Back in June, 685 gamers contributed to the Castles & Crusades Kickstarter, allowing Troll Lord Games to put out a Sixth printing of the Player’s Handbook, along with new printings of Monsters & Treasure and the Castle Keeper’s Guide. For the first time, all three core C&C rulebooks would be released in full colour with glossy pages. For a long time Castles & Crusades gamer who has been there since the beginning, this was a pretty sweet deal and I happily jumped on board.

Now I should point out that this version of Monsters & Treasure is more than a mere reprint with color pages. The previous printing was under 130 pages, while the newest printing is 178. Some of this is because the new printing has a larger, easier to read font size. Some of this is the new artwork made especially for this book, and some of it is slightly altered/edited content. This is NOT a new edition of Monsters & Treasure a la the Fifth Edition Dungeons & Dragons Monster Manual that also comes out this month, but simply a reprinting.
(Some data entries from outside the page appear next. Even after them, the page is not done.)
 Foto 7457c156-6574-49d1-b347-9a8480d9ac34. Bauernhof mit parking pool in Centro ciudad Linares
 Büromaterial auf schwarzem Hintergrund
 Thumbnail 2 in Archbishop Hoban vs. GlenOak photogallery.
This means that if you own a previous printing of Monsters & Treasure, you don’t really need this one. You already pretty much own this book. Now if you WANT to buy a new printing for the new layout, color artwork, glossy pages and/or to support Troll Lord Games for making such an awesome product, then by all means – do so. However, your old version will work just as well. Again – this is NOT a new edition. You can always check out my review of the Player’s Handbook from this printing to see how the first printing, fifth printing and sixth printing all are pretty similar themselves. All that said, if you have to get a copy of Monsters & Treasure, you might as well start with this latest full color printing once it is available to the general public.
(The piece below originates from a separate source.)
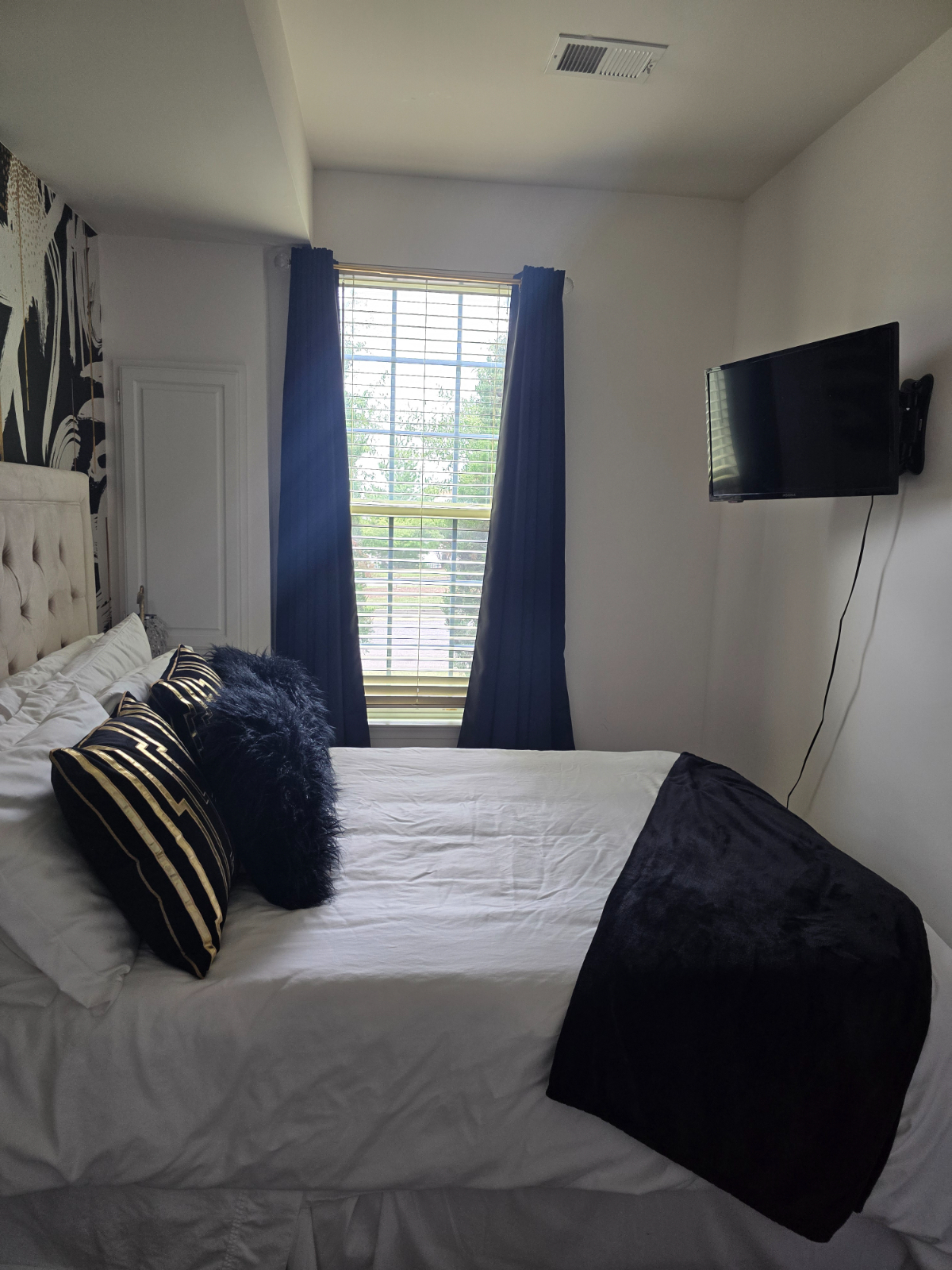 Peaceful Fort Lincoln Townhome - Photo 9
Now at 178 pages, Monsters & Treasure is pretty slim compared to some other bestiaries. The 5e Monster Manual is twice the page count at 352 pages, and it’s JUST monsters. Numenera‘s Ninth World Bestiary is about the same size and that game has only been out for a year, so you would think after all these years and printings, that Troll Lord Games would beef up poor old Monsters & Treasure by now. Alas, it is not to be. Of course, Monsters & Treasure is a fraction of the cost of the 5e Monster Manual so the reduced price of the C&C bestiary matches the reduced page count. That said, if you find that Monsters & Treasure doesn’t have all the cannon fodder and antagonists you need it to, you might want to invest in Tome of the Unclean or Classic Monsters. Both are fairly cheap and contain a good deal of monsters to supplement the core Monsters & Treasure book. Monsters & Treasure does have all the big name creatures like dragons, vampires, werewolves, elementals, golems, orcs and more, so you probably should start with this one.
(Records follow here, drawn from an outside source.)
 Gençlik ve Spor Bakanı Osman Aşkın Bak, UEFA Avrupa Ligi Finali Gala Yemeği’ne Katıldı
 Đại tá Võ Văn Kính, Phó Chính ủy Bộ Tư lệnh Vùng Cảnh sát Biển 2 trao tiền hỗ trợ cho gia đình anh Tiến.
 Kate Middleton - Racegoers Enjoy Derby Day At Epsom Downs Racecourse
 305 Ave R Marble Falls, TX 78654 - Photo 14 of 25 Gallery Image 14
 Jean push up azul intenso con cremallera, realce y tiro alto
Aesthetically, Monsters & Treasure has never looked better. Sure a lot of the art is reused and is simply in color now, but after years of black and white only books from Troll Lord Games, I can’t express how fantastic this thing is in colour. The inking and colouring jobs make the piece look like they always were in color. It’s gorgeous. I really enjoy a lot of the new art too, especially the cover where that Ranger is about to shoot an arrow down the gullet of a red dragon. Simply beautiful. Of course, as great as the art is, Monsters & Treasure is not a coffee table book to gaze at, but a collection of stat blocks for you to fit into your Castles & Crusades oriented adventures. Of course, mechanics is where Castles & Crusades is terrific and because 99% of the stat blocks are the same as in previous printings (typos and errata have been fixed), you should be able to make use of any of these monsters in any of your OSR/retro-clone games without any trouble. Each monster entry is primary stats and mechanics with only a paragraph of descriptive text for each creature/race. If there is more text, it is generally about specific powers said creature has or an explanation on how the Castle Keeper can use them in combat. So if you are looking for a lot of fluff and prose about the creatures in question, Monsters & Treasure is probably not the book for you. If you are a veteran gamer and don’t need to be told what an orc is or how a vampire comes to be, then you can just absorb the stats, mechanics and strategies each entry contains.

Of course, the book is Monsters and Treasure, so I should probably talk about the loot side of the book as well. Usually magic items and treasure are found in a games Dungeon Master’s Guide equivalent. Not so with Castles & Crusades. I’m not sure why Troll Lord games does it this way, but I have no complaints. Part of the reason PCs kill monster is for their treasure after all, so it makes sense to have them both in a single, easy to reference, tome. The treasure section is only about fifty-five pages of the book, so while it’s not the majority of the content, it is nice to see a significant amount of content on the topic.

In the treasure section of Monsters & Treasure, you are primarily given information on magic items, including how to make them. That’s always helpful. There’s even a handy-dandy chart for the gold cost of items other than scrolls and potions. For those on the other side of things, there’s also a section on how to DESTROY magic items. Several pages are also devoted to sentient items and special abilities they might possess. Something you might not expect to find in the Treasure section is the “Lands and Titles” piece. Here you’ll learn about how each character class gathers followers and what they do with land. It’s an interesting piece for when your characters get mid to high level.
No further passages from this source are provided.